Friday and I was in Abergwyngregyn again. Aber’ is the site of one of the community hydro’s we are working with (cross fingers we get the planning permission this week) But we had convened a meeting to discuss how the community could derive more benefit from the energy they generate and also how we could buy energy at community scale. The timing was interesting what with the news full of the ever rocketing domestic energy costs. As previously blogs have alluded we have been looking for a mechanism to keep more benefit at a local level e.g. current power purchase agreement mean micro generators have to sell energy for about 5p per KWh but buy energy it in at around 15p per KWh. (there must be a way to level the playing-field)
This is a follow on from the previous blog about the many and varied ways in theory which you could buy trade and offset energy. The practice is far more complex because of licensing, balancing, spillage and various other jargon terms and unless you buy a lot of energy then you don’t really stand a chance and the ones in need at the bottom of the supply ladder such as those in fuel poverty in fact can’t get cheaper energy. (takes money to save money) There are two types of energy consumer in the UK. Those on half hour meters (the big users) and those not (domestic users). The half hour meter users can benefit from cheaper energy because the supplier knows when the user needs their energy and it is bought and billed accordingly (energy in the uk is bought and sold in half hour clips) On the domestic side the consumer takes a one size fit all energy tariff (with variations within this tariff) and the supplier has to do a lot of guess-work and move the risks/ costs on to the bills hence why domestic consumer pays more than commercial.

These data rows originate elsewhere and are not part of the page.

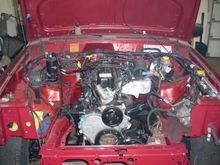 1998 Cherokee
4-25-09 Getting closer. Have the 1999 engine with 44,000 miles in the 1998. (Using most of the 1999 wiring harness). Going to try and fire it on the 1998 computer... for the heck of it!
JKS steering reinforcements on Drivers side. Gets rid of the Aluminum power steering spacer that corrodes away. Also installed the JKS frame reinforcement on Passenger side...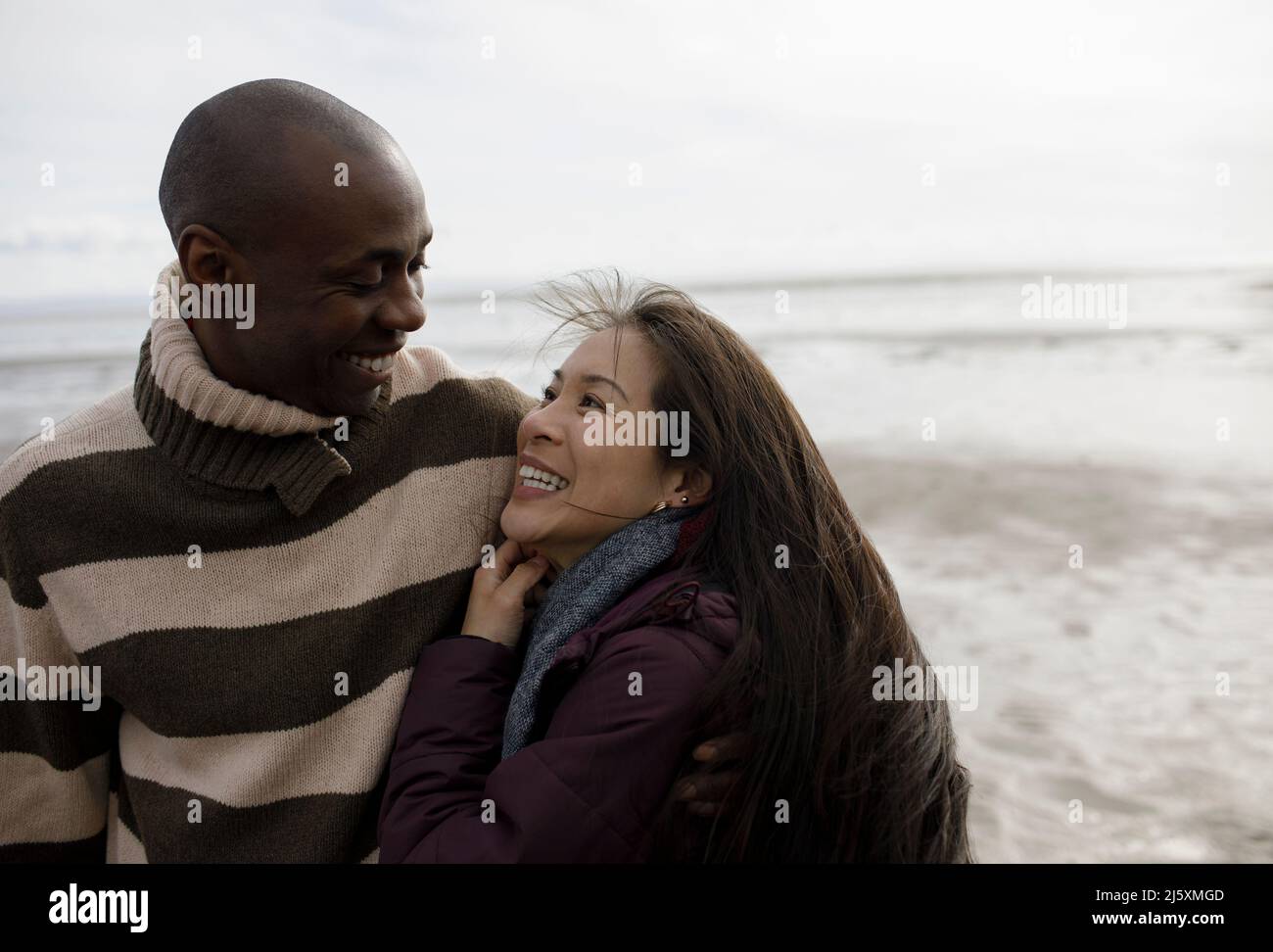 Heureux couple hugging on winter beach Banque D'Images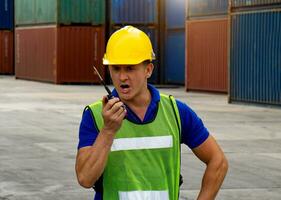 industrial worker is controlling container loading in import-export business. photo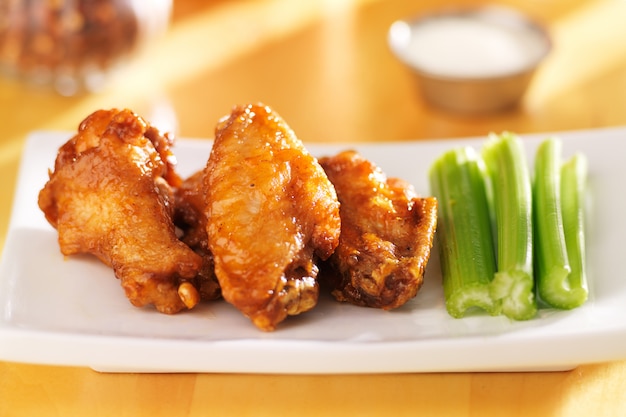 Bbq buffalo chicken wings with ranch dip and celery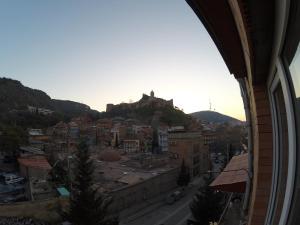 a view of a city with a castle on a hill at Guest House Rampa in Tbilisi City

Half hour meters are very expensive to administer and so the domestic consumer does not have a chance to take advantage of the better rates…or so we thought. In the meeting last Fri a possibility was discussed and we started scoping the plan of the plan (its nice and complicated!) But in essence by using the new generation of domestic smart meters which just happen to record energy use every half hour we could aggregate this data at a community level and in theory purchase energy at commercial-scale and thus pass on the benefit to the individuals. this could also be the same for organisations and groups. The next step after establishing the aggregation purchase would be to ‘pool’ the community energy generation eg a hydro or pv into this aggregation. Simple in theory but very complex. Everything from developing algorithms, legal contracts through to billing. But its a win, win for all concerned. From the energy supplier perspective is makes for easier supply management, through to the consumer being able to make a more informed decision about when energy is cheaper and hopefully save money. We are now working as part of a group across the UK on what could be a really big shift in energy supply…but it has never been done before in the UK! (but ‘never been’ does not mean ‘can’t do’!)